*Work to be completed*.
Pictures aside, return all of the records exactly as they stand.
Records for this exercise below:
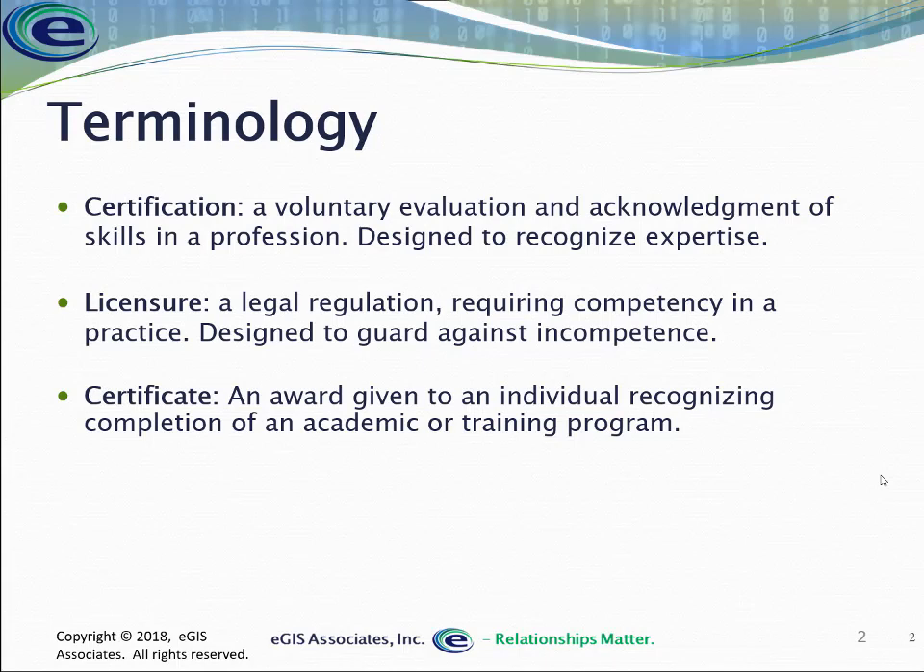A certification is something you voluntarily choose to get. It is an evaluation of your skills and knowledge and it's really designed to recognize some level of expertise either within the profession or with a specific technology, but it is completely voluntary. It's not a legal requirement in most cases and it's typically set up by a group of peers or a vendor — it's not a governmental function.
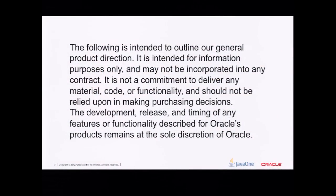I worked for Sun for 14 years before we were acquired by Oracle. One of the first things you notice when you become an Oracle employee is that lawyers get involved. All of my presentations now have to have a safe harbor statement, basically saying you must not take what I tell you as a definition of our product direction in the future. I don't think it's too important for this presentation, but there it is.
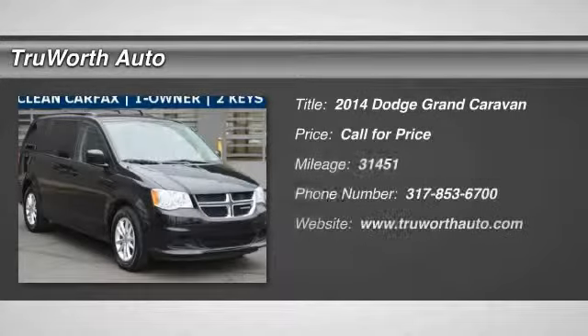The 2014 Grand Caravan. The Dodge Grand Caravan received the government's highest front and side crash rating of 5 stars.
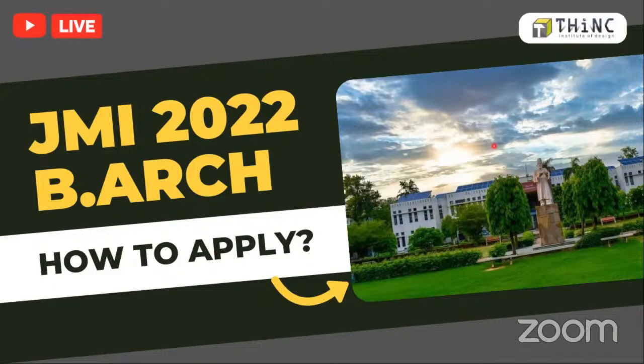Jamia Millia Islamia's application form has been opened and closes by the 12th of this month. Everyone interested in getting into this prestigious university, which is ranked 10 at the All India level in the NIRF rankings 2021 for B.Arch, please do apply. In this session, we will be looking at how to fill your form for this university, specifically dealing with B.Arch only.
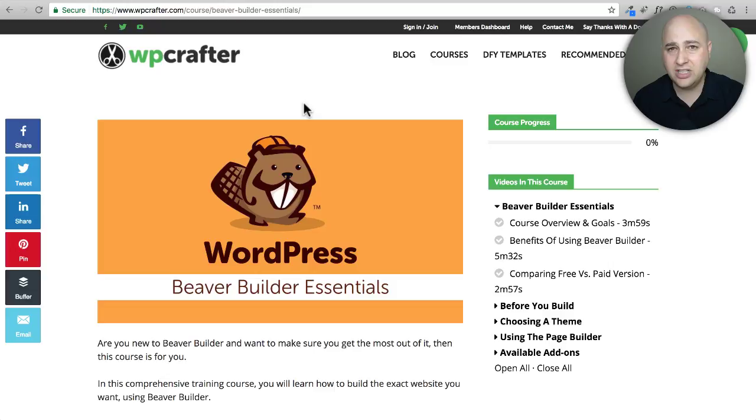It's not just a course on how to use this page building tool — it's really a complete website success building system where you can go through and learn a process of how to build the website you want. The problem with page builders is that when you go to create a new page, you just have this blank slate and you don't even know what to do next.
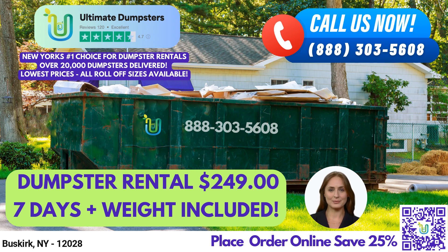You can also combine multiple services, such as dumpster rentals, porta-potties, mobile storage units, temporary fencing, commercial weekly garbage, and more.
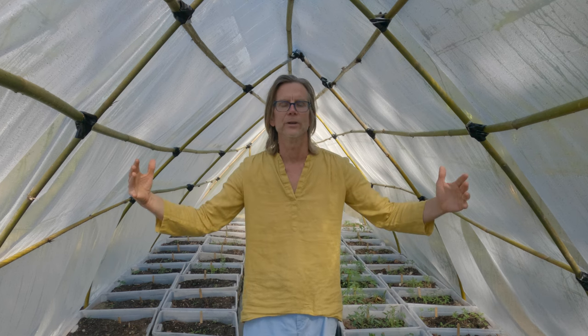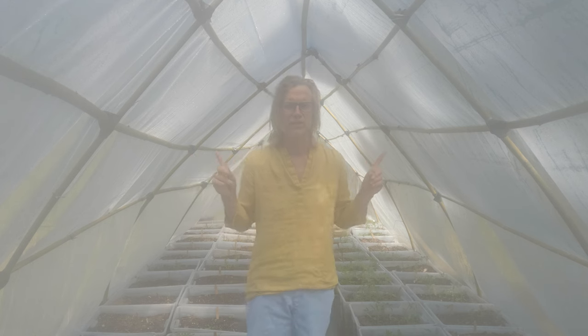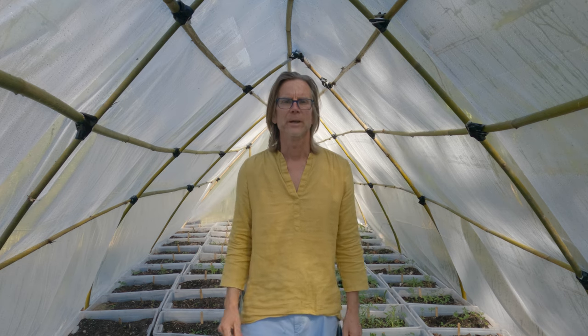It's steamy in here — so steamy that I had to reshoot the video inside the greenhouse that I built for one dollar. Here I am in a one dollar greenhouse. It's made out of bamboo which I locally harvested. I chose bamboo because it's strong and flexible — it's like steel. They've built airplanes and skyscrapers out of bamboo. If you watch Gilligan's Island, the whole village was built out of bamboo.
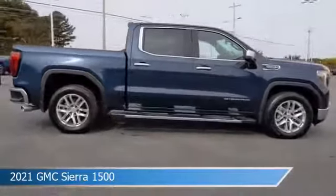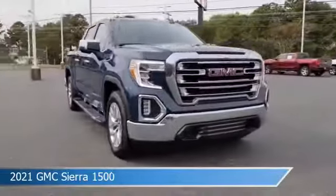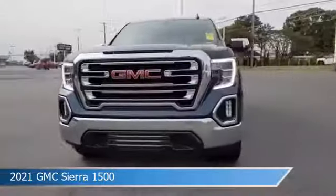This truck comes with some great features including alloy wheels, heated steering wheel, anti-lock brakes, audio controls on the steering wheel, and more.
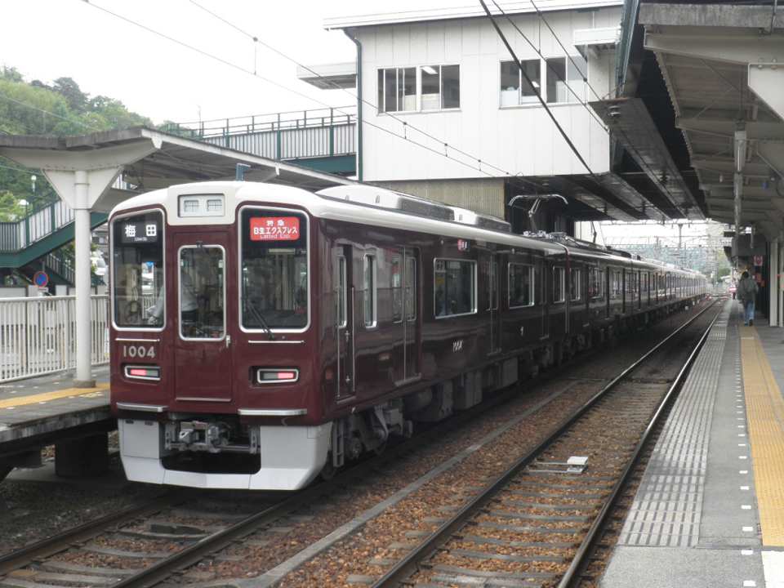Myokin Express trains are operated from Myokenguchi to Kawanishi Nozguchi in the morning on weekdays and Saturdays. Nisei Express trains are operated from Nisei Chuo to Kawanishi Nozguchi in the morning on Saturdays. Local trains are operated all day every day.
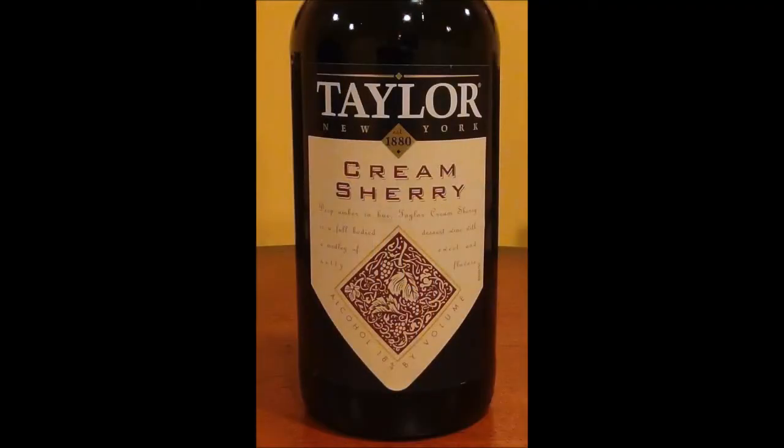That's very true. But we went to the store and we thought we'd review a wine that we have not looked at really at all — at a very familiar label. Taylor. Taylor Wine Company's Cream Sherry.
End of Records for this exercise.
*Exercise output*.
A certification is something you voluntarily choose to get. It is an evaluation of your skills and knowledge and it's really designed to recognize some level of expertise either within the profession or with a specific technology, but it is completely voluntary. It's not a legal requirement in most cases and it's typically set up by a group of peers or a vendor — it's not a governmental function.
I worked for Sun for 14 years before we were acquired by Oracle. One of the first things you notice when you become an Oracle employee is that lawyers get involved. All of my presentations now have to have a safe harbor statement, basically saying you must not take what I tell you as a definition of our product direction in the future. I don't think it's too important for this presentation, but there it is.
The 2014 Grand Caravan. The Dodge Grand Caravan received the government's highest front and side crash rating of 5 stars.
Jamia Millia Islamia's application form has been opened and closes by the 12th of this month. Everyone interested in getting into this prestigious university, which is ranked 10 at the All India level in the NIRF rankings 2021 for B.Arch, please do apply. In this session, we will be looking at how to fill your form for this university, specifically dealing with B.Arch only.
It's not just a course on how to use this page building tool — it's really a complete website success building system where you can go through and learn a process of how to build the website you want. The problem with page builders is that when you go to create a new page, you just have this blank slate and you don't even know what to do next.
You can also combine multiple services, such as dumpster rentals, porta-potties, mobile storage units, temporary fencing, commercial weekly garbage, and more.
It's steamy in here — so steamy that I had to reshoot the video inside the greenhouse that I built for one dollar. Here I am in a one dollar greenhouse. It's made out of bamboo which I locally harvested. I chose bamboo because it's strong and flexible — it's like steel. They've built airplanes and skyscrapers out of bamboo. If you watch Gilligan's Island, the whole village was built out of bamboo.
This truck comes with some great features including alloy wheels, heated steering wheel, anti-lock brakes, audio controls on the steering wheel, and more.
Myokin Express trains are operated from Myokenguchi to Kawanishi Nozguchi in the morning on weekdays and Saturdays. Nisei Express trains are operated from Nisei Chuo to Kawanishi Nozguchi in the morning on Saturdays. Local trains are operated all day every day.
That's very true. But we went to the store and we thought we'd review a wine that we have not looked at really at all — at a very familiar label. Taylor. Taylor Wine Company's Cream Sherry.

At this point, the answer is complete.